The dotted horizontal baseline in each PR plot represents the random chance prediction and is calculated as follows:

$$PR\, baseline = \frac{p}{P + B}$$
  • P = The number of pathogenic variants

  • B = the number of benign variants

Odds ratio enrichment

To measure the enrichment of pathogenic to benign variants along the ConSpliceML score range, we measure the ratio of pathogenic variants to benign variants in a ConSpliceML decile divided by the ratio of pathogenic to benign variants not in the decile.
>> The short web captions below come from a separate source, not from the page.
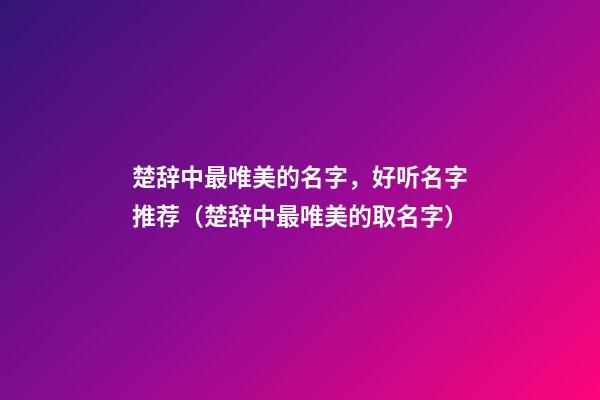 楚辞中最唯美的名字，好听名字推荐（楚辞中最唯美的取名字）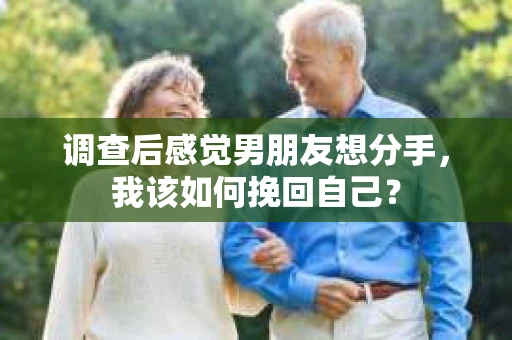 调查后感觉男朋友想分手，我该如何挽回自己？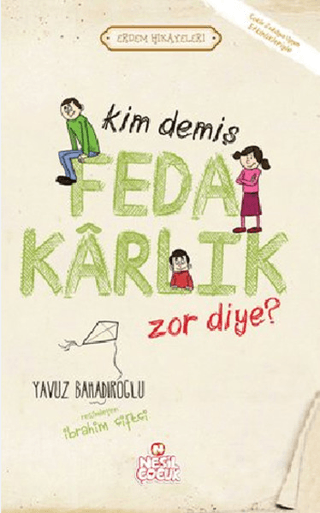 Kim Demiş Fedakarlık Zor Diye ? Yavuz Bahadıroğlu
That is, we calculate the odds ratio (OR) of pathogenic to benign variants at each ConSpliceML decile.

$$OR_{i} = \frac{{A_{i } / B_{i} }}{{C_{not i} / D_{not i} }}$$
  • ORi = The odds ratio of pathogenic to benign variants for the ConSpliceML decile i.

  • Ai = The number of pathogenic variants in the ConSpliceML decile i.

  • Bi = The number of benign variants in the ConSpliceML decile i.

  • Cnot i = The number of pathogenic variants not in the ConSpliceML decile i.

  • Dnot i = The number of benign variants not in the ConSpliceML decile i.

We calculate the 95% confidence interval (CI) for each OR as follows:

$$Standard \, error \left( {s.e.} \right) = \sqrt {\left( {\frac{1}{{A_{i} }}} \right) + \left( {\frac{1}{{B_{i} }}} \right) + \left( {\frac{1}{{C_{i} }}} \right) + \left( {\frac{1}{{D_{i} }}} \right) }$$
$$CI\;Lower\;Bound = e^{{\ln \left( {OR} \right) - 1.96 * s.e.}}$$
$$CI\;Upper\;Bound = e^{{\ln \left( {OR} \right) + 1.96 * s.e.}}$$

OR by decile was plotted as bar plots with whiskers as the 95% CI. The OR values for each decile are indicated above each bar. The dotted line at an OR of 1 indicates no difference in the ratio of pathogenic to benign variants.